> [Problem details]: Restate word for word the entries below, starting at the line with "Mazda 3 I Piston with connecting rod" and ending at the line with "Private HPS/IL Bedroom". Keep both end lines and omit the pictures.

> [Source material]:
______
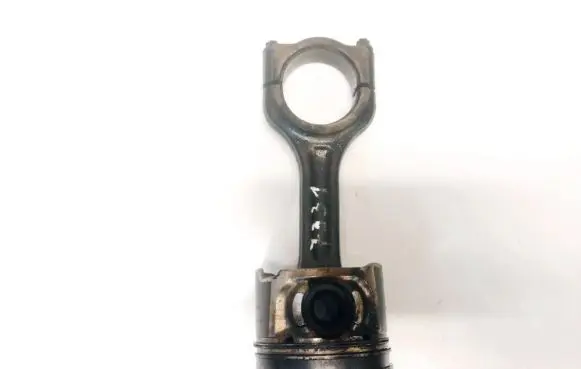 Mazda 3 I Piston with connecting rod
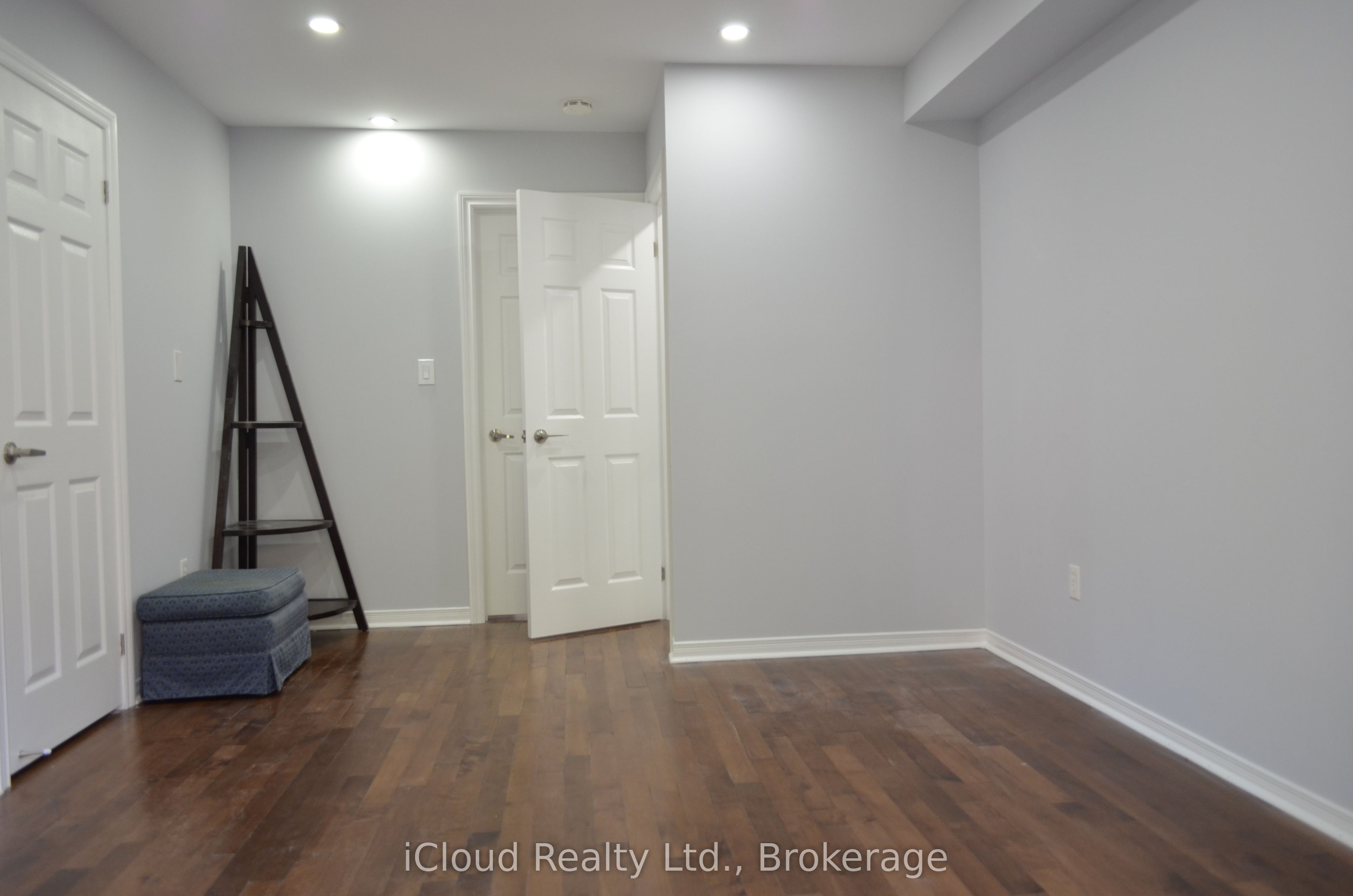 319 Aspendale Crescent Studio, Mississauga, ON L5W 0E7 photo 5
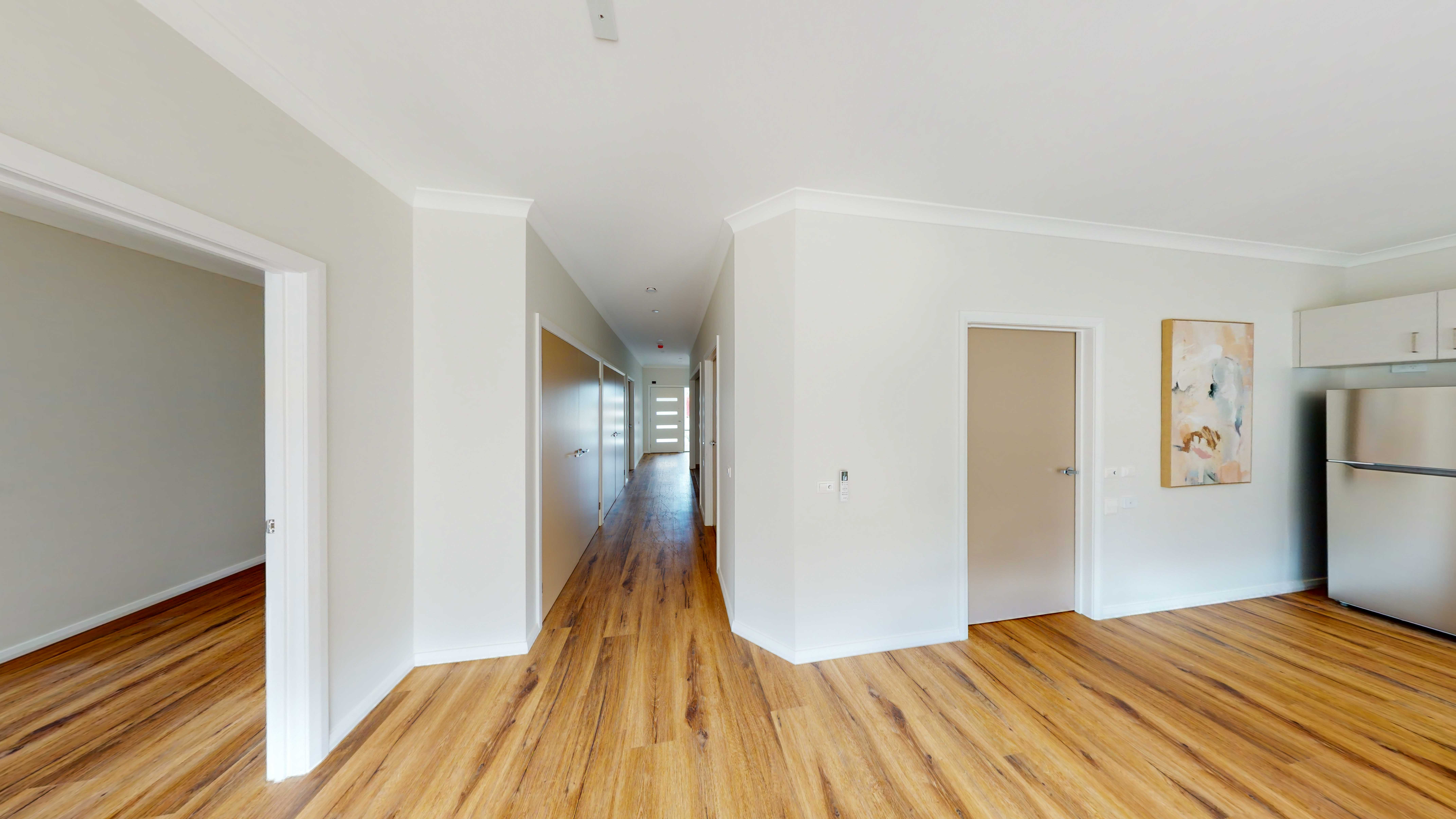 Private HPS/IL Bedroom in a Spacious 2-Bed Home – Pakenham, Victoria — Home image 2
______
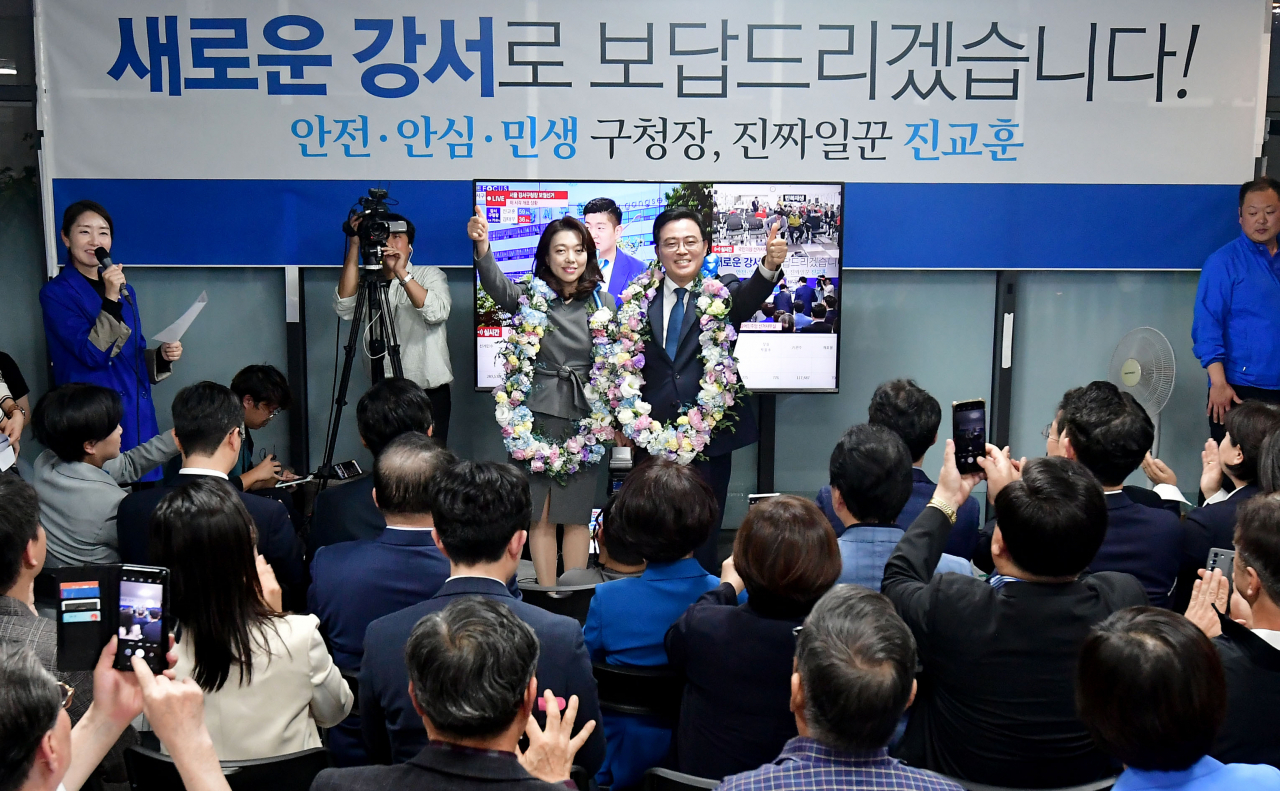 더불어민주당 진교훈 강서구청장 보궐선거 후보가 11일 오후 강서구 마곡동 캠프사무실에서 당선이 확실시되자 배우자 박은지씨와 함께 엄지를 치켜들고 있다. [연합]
______
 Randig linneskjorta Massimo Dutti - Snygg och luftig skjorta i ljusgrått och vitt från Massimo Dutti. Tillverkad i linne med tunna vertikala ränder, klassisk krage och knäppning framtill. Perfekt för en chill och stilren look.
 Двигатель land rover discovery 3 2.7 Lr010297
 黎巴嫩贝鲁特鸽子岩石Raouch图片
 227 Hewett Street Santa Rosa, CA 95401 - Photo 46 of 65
______
> [Task solution]:
 Mazda 3 I Piston with connecting rod
 319 Aspendale Crescent Studio, Mississauga, ON L5W 0E7 photo 5
 Private HPS/IL Bedroom in a Spacious 2-Bed Home – Pakenham, Victoria — Home image 2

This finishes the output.